By virtue of these arrangements, the reading of the image with a reduced number of colors is still possible, but the energy for transferring some of the colors which forms the image is reduced. Thus only the colour density of the transferred image is modified.

According to its first aspect, the method according to the invention consists of transmitting signals towards the outside and awaiting from the outside either a signal representing decision criteria for a change in operating mode or a signal representing the change in operating mode.

By virtue of these arrangements, the method uses data and/or reference values coming from outside the image transfer system.

According to its second aspect, the method according to the invention consists of displaying the operating mode selected on a display, to invite the user to switch the operation to the second operating mode.

The advantage of this second aspect of the invention is that it is the user who chooses the operating mode to avoid, for example, two successive pages being of different quality in the same document.

According to its third aspect, the method according to the invention consists, when a predetermined level of energy has been passed, of automatically controlling the change in operating mode.

The advantage of this third aspect of the invention is that, even in the absence of the user, the halting of the operation is postponed, compared to the known devices. In the particular case of the incorporation of the device according to the invention into a printer, it is the halting of printing which is automatically postponed, in terms of the number of pages printed.

According to particular characteristics, the said image transfer system including a printing head itself includes a plurality of ink distribution channels, the said first operating mode uses all the said ink distribution channels, while the said second operating mode uses some of the said distribution channels.

The advantage of these operating modes is the simplicity of their use, which consists of selecting which channels operate.
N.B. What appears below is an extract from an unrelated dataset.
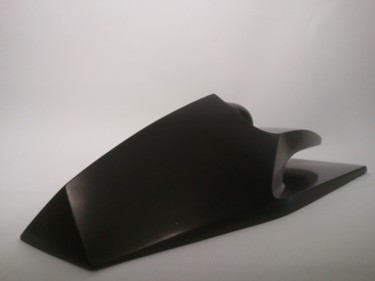 Sculpture intitulée "vitesse marbre noir" par Patrice Kauffmann, Œuvre d'art originale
The energy consumption then decreases directly with the number of channels actually used.

According to other preferred characteristics, the method according to the invention consists of evaluating the quantity of energy which remains in the said energy source and comparing it with at least two predetermined quantities of energy, selecting the operating mode from amongst at least three operating modes whose energy consumptions are decreasing, and selecting the said operating mode, according to the said comparisons.

This embodiment has the main advantage that the energy consumption falls progressively, with more intermediate levels than there would be if there were only two operating modes. Consequently, the print quality remains good for longer, while the number of pages printed increases.

The invention also relates to an energy saving device for an image transfer system of the type having an energy source, means for detecting a predetermined quantity of energy in the said energy source adapted to transmit a signal representing the fact that this predetermined quantity has been passed, and a printing head comprising ink distribution means controlled by control signals representing information to be printed, characterised in that it includes control means suitable for generating first control signals for a first operating mode having a first energy consumption and providing a first image quality and second control signals for a second operating mode having a second energy consumption and providing a second image quality, the second energy consumption and the second image quality being reduced with respect to the first ones, and a processing means adapted to select the said operating mode, according to the signal transmitted by the said energy quantity detection means.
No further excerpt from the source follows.